Dalam konteks tertentu, khilafah  juga melakukan sejumlah proteksi untuk melindungi stabilitas ekonomi. Hanya saja, proteksi yang dilakukan oleh khilafah tidak sama dengan proteksi yang dilakukan oleh negara kapitalis. Proteksi yang dilakukan oleh khilafah tidak ditujukan untuk melindungi stabilitas ekonomi saja, tetapi juga ditujukan untuk mewujudkan stabilitas politik dan tugas mengemban risalah Islam ke seluruh dunia.

Di sisi lain, kebijakan proteksi yang dianut khilafah selalu sejalan dengan prinsip kesetaraan dan keadilan dalam interaksi dengan negara-negara kafir. Misalnya, jika negara kafir mengenakan tarif 20 persen atas komoditas kaum Muslim yang masuk ke negara mereka, maka khilafah juga akan mengenakan tarif yang sama terhadap komoditas-komoditas mereka yang masuk ke dalam negara khilafah.

Adapun mengenai cukai yang dikenakan atas komoditas perdagangan yang keluar masuk di wilayah khilafah tentu berbeda dengan cukai yang dipraktikkan pada perdagangan luar negeri sekarang. Cukai ini dikenakan kepada pelaku perdagangan dari negara kafir. Adapun pelaku perdagangan dari warga negara khilafah, baik Muslim atau kafir dzimmi, maka sama sekali tidak dikenakan cukai, baik komoditas yang mereka ekspor maupun yang mereka impor ke negara kafir. Penetapan cukai atas orang-orang kafir ditentukan berdasarkan prinsip kesetaraan dan keseimbangan seperti di ini.

Dengan diterapkannya sistem emas dan perak sebagai standar baku mata uang, maka terjadinya defisit neraca perdagangan negara khilafah juga bisa dihindari. Karena, kurs valuta bersifat tetap, sehingga inflasi nol. Dengan tidak terjadinya inflasi, berarti neraca perdagangan dari aspek selisih pertukaran mata uang pun bisa dihindarkan.
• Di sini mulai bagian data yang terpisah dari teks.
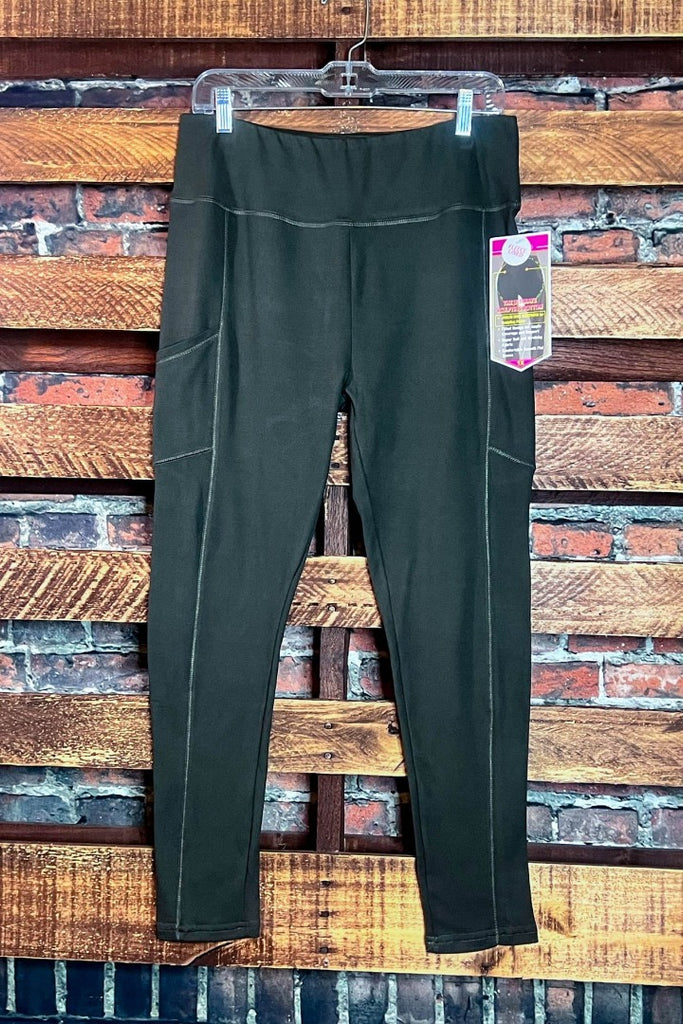 PLUS SOLID DARK OLIVE FLEECE 4-INCH HIGH-WAIST LEGGINGS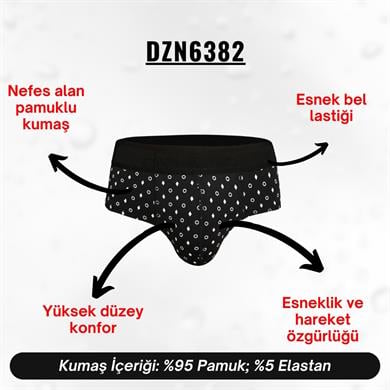 Lastikli Geometrik Desenli Siyah Erkek Slip - DZN6382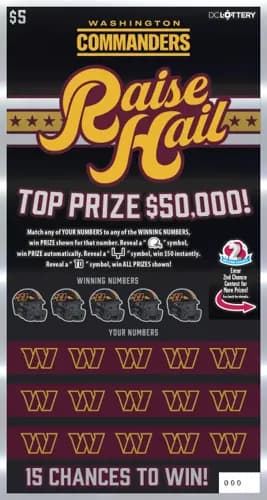 Washington Commanders Raise Hail scratch-off ticket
Dengan begitu, defisit neraca perdagangan pun bisa dihindari.

Di sisi lain, negara khilafah juga mempunyai bahan-bahan mentah yang dibutuhkan umat dan negara, sehingga tidak membutuhkan lagi barang-barang tersebut dari luar. Karena itu, negara khilafah sudah bisa swasembada, dan tidak perlu mengimpor dari luar. Ini akan menjadikan emas dan perak, sebagai mata uang negara khilafah, tetap tidak keluar. Negara khilafah, misalnya, mempunyai cadangan minyak, gas, batubara dan tambang lainnya yang sangat kaya. Dalam hal ini, negara bisa menjual keluar dengan dibayar emas, atau barter dengan barang yang dibutuhkan, atau dengan mata uang keras untuk mengimpor barang dari luar.

Semuanya ini akan menjadikan perekonomian negara sangat kuat. Inflasi di dalam negeri, baik karena faktor kurs valuta asing maupun impor dengan menggunakan valuta asing bisa dihindari. Dengan begitu, neraca perdagangan negara khilafah tidak akan pernah mengalami defisit, akibat nilai tukar.[]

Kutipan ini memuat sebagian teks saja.